What Is The United States Geological Survey?

Began in 1879, the USGS operates within the United States Department of the Interior conducting research and disseminating geological data.

History of the USGS

First began 137 years ago, the United States Geological Survey operates within the United States Department of the Interior. It acts as the department's scientific fact-finding agency. The agency was created during the tenure of President Rutherford B. Hayes, when on March 3rd, 1879, the US Congress created the United States Geological Survey (USGS). Its initial main objective was to categorize and inventory new territories that were annexed during the 1803 Louisiana Purchase at the start of the century. Another objective was to survey annexed land gained from the outcomes of the 1848 Mexican-American War. The agency had as its first director Clarence King, who organized all of the government's survey agencies into one body that would work under what was now the USGS. John Wesley Powell was the second director of the agency, followed by Charles Walcott. As a fact-finding research agency, the United States Geological Survey has no regulatory responsibilities.

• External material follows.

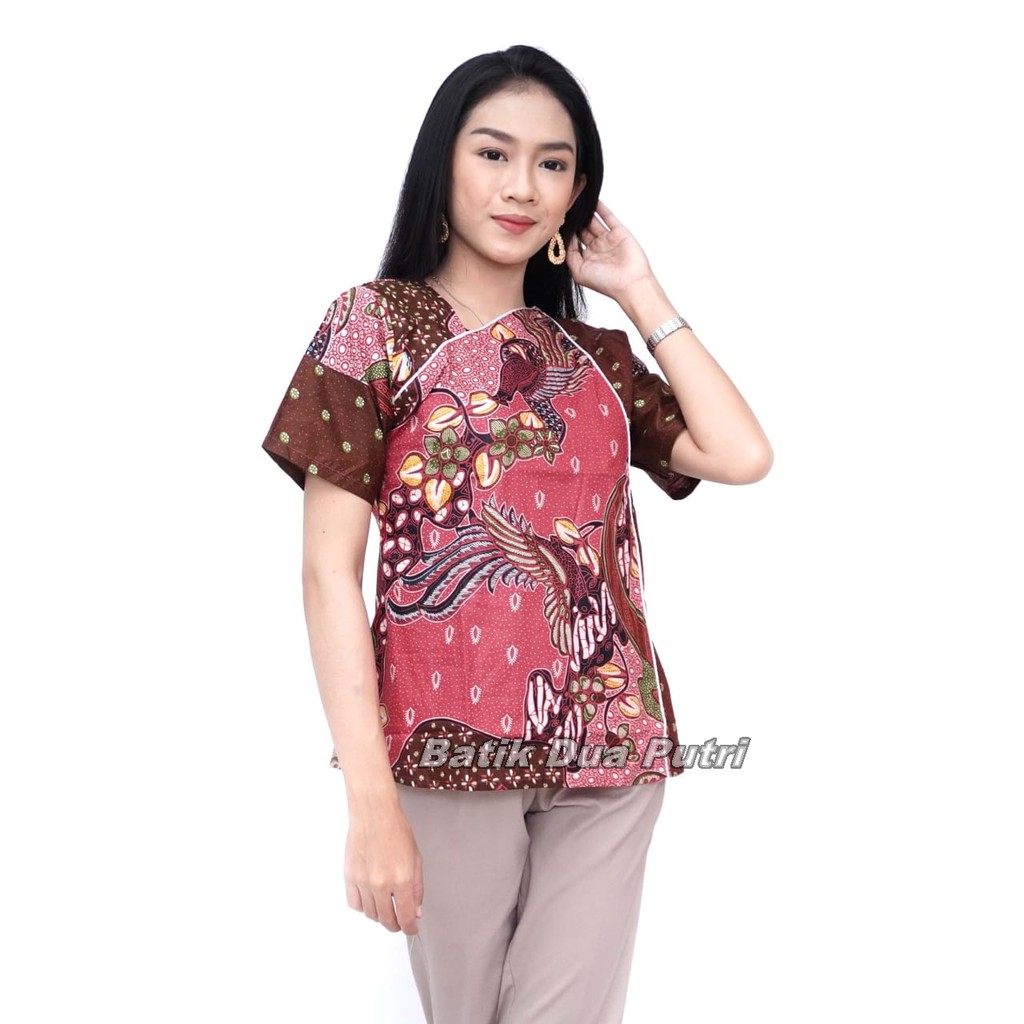 Batik Wanita Lengan Pendek Blouse Atasan Warna Pink Model Modern Trendy 2021- Motif kombinasi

Today the main aim of the USGS is to investigate, analyze, and appraise the topography, natural hazards, and natural resources of the United States. Its programs are categorized into four scientific fields. Namely, these are geography, geology, biology, and hydrology. The headquarters of the present USGS is located in Reston, Virginia. Its other regional offices are located in Menlo Park, California and Lakewood, Colorado. Its overall employee count stands at around 8,670 personnel at the present time. The USGS also works with private entities and other government agencies for fulfilling its scientific studies. It also collaborates with other international agencies in around 100 other countries in finding and providing technical and scientific knowledge. The agency has also been working with Alaskan Native agencies and American Indians to responsibly utilize mineral and water resources upon their respective reservation lands. Conservation efforts are also being carried out towards the environment and animal habitats throughout the US by the USGS.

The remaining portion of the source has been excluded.